On Jan 21, 2012, at 10:33 AM, Ken Krugler wrote:
> 
> My own personal favorite area would be to integrate with crawler-commons.

+1. Would you crawler-commons guys be interested in bringing that code to Apache?
How about bringing it over to Nutch? 

Would that be something you'd be interested in?

Cheers,
Chris

++++++++++++++++++++++++++++++++++++++++++++++++++++++++++++++++++
Chris Mattmann, Ph.D.
Senior Computer Scientist
NASA Jet Propulsion Laboratory Pasadena, CA 91109 USA
Office: 171-266B, Mailstop: 171-246
Email: chris.a.mattmann@nasa.gov
WWW:   http://sunset.usc.edu/~mattmann/
++++++++++++++++++++++++++++++++++++++++++++++++++++++++++++++++++
Adjunct Assistant Professor, Computer Science Department
University of Southern California, Los Angeles, CA 90089 USA
++++++++++++++++++++++++++++++++++++++++++++++++++++++++++++++++++


Re: [DISCUSS] Issues with Fetcher

Posted by Ken Krugler <kk...@transpac.com>.
Hi Eddie,

My own personal favorite area would be to integrate with crawler-commons.

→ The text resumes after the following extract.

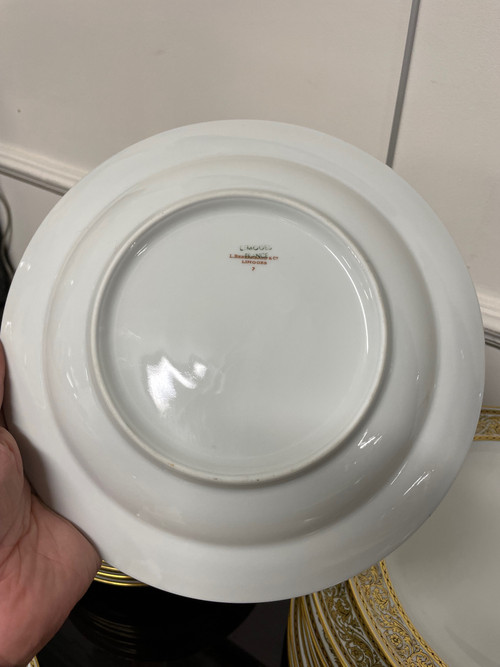Bernardaud - Set di 24 piatti d'oro in porcellana di Limoges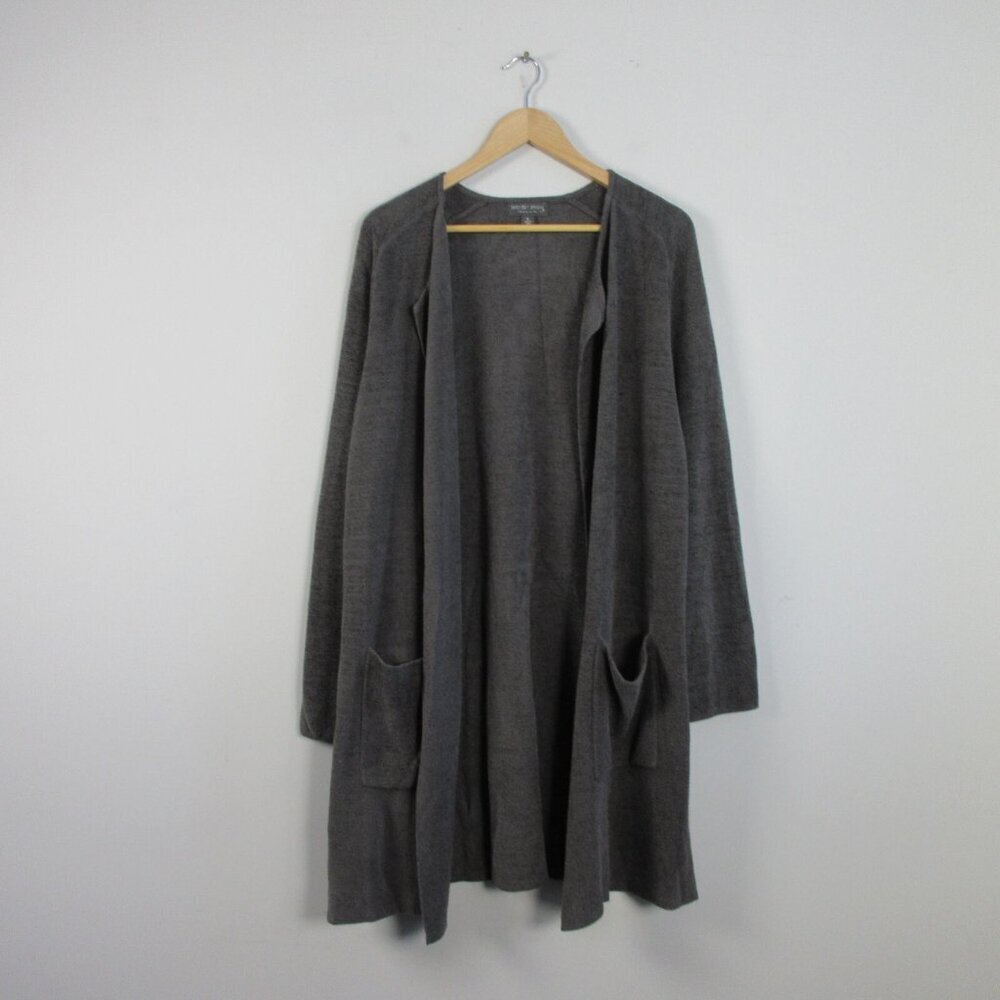 Barefoot Dreams Cozy Chic Ultra Lite Women's Cardigan M Grey Long Open Front 776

There's been some occasional work done to move things into this shared project - e.g. robots parser & a base HTTP fetcher from Bixo.

I believe there's a Jira issue open to switch Nutch to using that robots.txt parser, which would be an improvement over what Nutch currently has.

There are other pieces of Nutch that could/eventually should be moved there, e.g. URL normalization, but that doesn't directly benefit Nutch, just other Java-based crawlers.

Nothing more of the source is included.